Fonte :
http://radiospada.org/2014/05/donna-barbuta-e-eurofestival/"DONNA BARBUTA" E EUROFESTIVAL
12 maggio 2014 by guelfonero
denmark-eurovision-song-contest-1
di Piergiorgio Seveso
Anche l’Eurovision Songcontest (o per usare il suo non tramontato nome, “Eurofestival”) , organizzato dall’Eurovision Broadcasting Union e giunto alla sua cinquantanovesima edizione, tenuta quest’anno a Copenaghen, ha subito le variazioni e le ingiurie del tempo. Partito come un paludato concorso internazionale di canzoni, con direttori d’orchestra in frac e cantanti in smoking, ha subito le mode degli anni Settanta ed Ottanta, giungendo, con una buona patinatura old-fashion e un certo tocco di istrionismo naif, sino ai pieni anni Novanta.

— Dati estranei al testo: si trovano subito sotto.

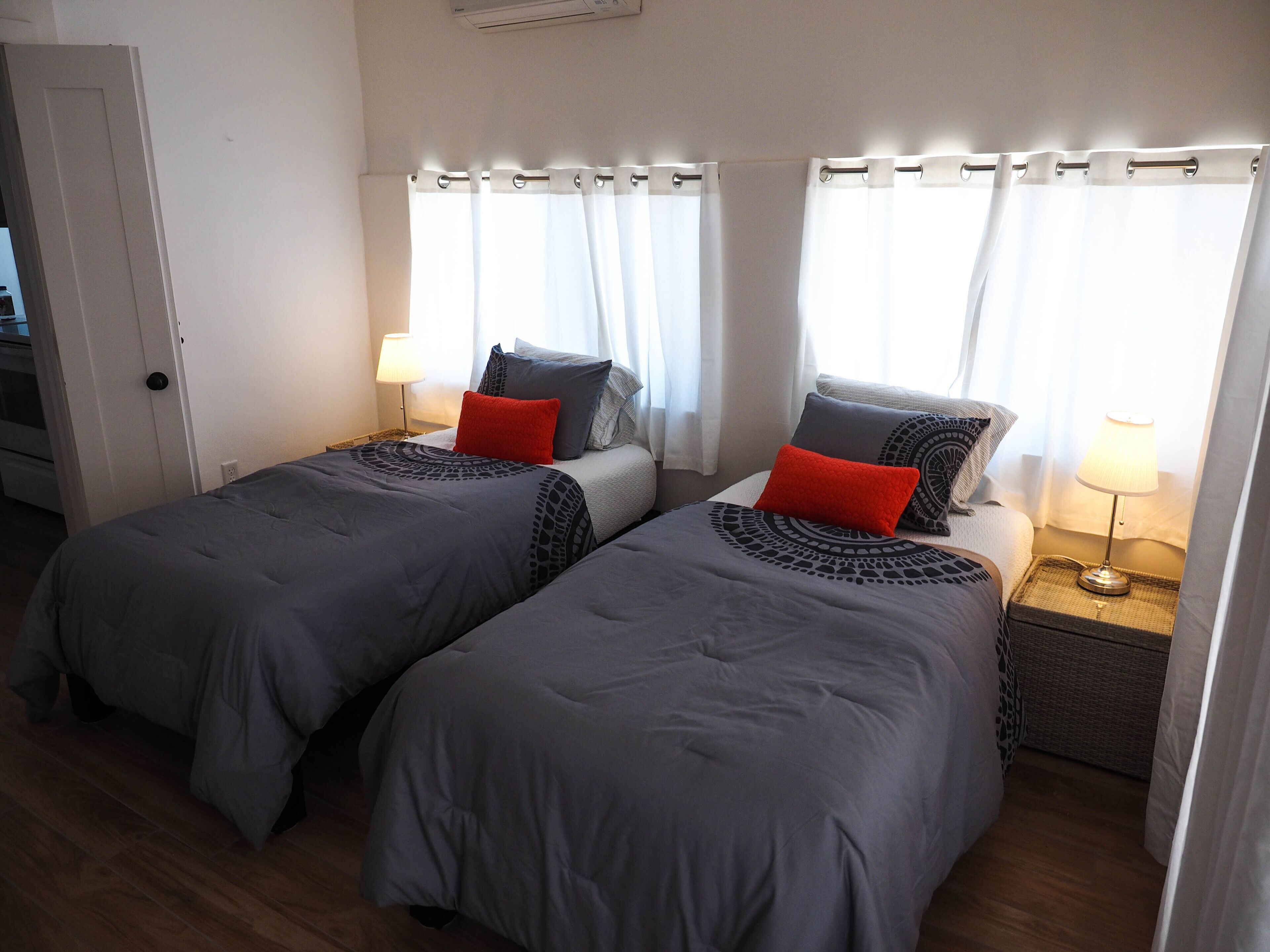 A double room with two beds, each with grey bedding and red pillows, a bedside table with a lamp, and a window with white curtains.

All’epoca non mancava qualche cantante, come si soleva dire allora, “eccentrico”: pensiamo al russo Philipp Kirkorov nel 1995 o all’islandese Paul Oskar nel 1997. Indubbiamente la rottura del vaso di Pandora dell’omosessualismo LGBT ha una data precisa: il 9 maggio 1998 a Birmingham il cantante israeliano Yaron Cohen, un transessuale, (alias “Dana International”) vinceva quell’edizione dell’Eurofestival con la purtroppo nota “Diva”, dopo aver stravinto lo KDAM festival a Tel Aviv. Era in fondo l’inizio di un progressivo cambiamento d’identità per l’Eurosong, trasformatosi via via in un platea, non priva di eccessi e di una assai poco velata propaganda LGBT. Sia che si trattasse del norvegese Haldor Lægreid nel 2001, del gruppo sloveno Sestre, vestito in abiti da hostess nel 2002, sia che si trattasse dei norvegesi Wig Wam nel 2005, degli svedesi “The Ark” nel 2007 con “The worrying kind” o della grottesca ucraina Verka Serduchka nel 2007, la sostanza poco cambia. Enumerare poi gli esempi degli ultimi anni ruberebbe troppo tempo alla nostra esposizione. Cito tra tutti il dialogo tra il cantante greco Sakis Rouvas ed il conduttore olandese, sodomita notorio, Paul De Leeuw ad Atene 2006.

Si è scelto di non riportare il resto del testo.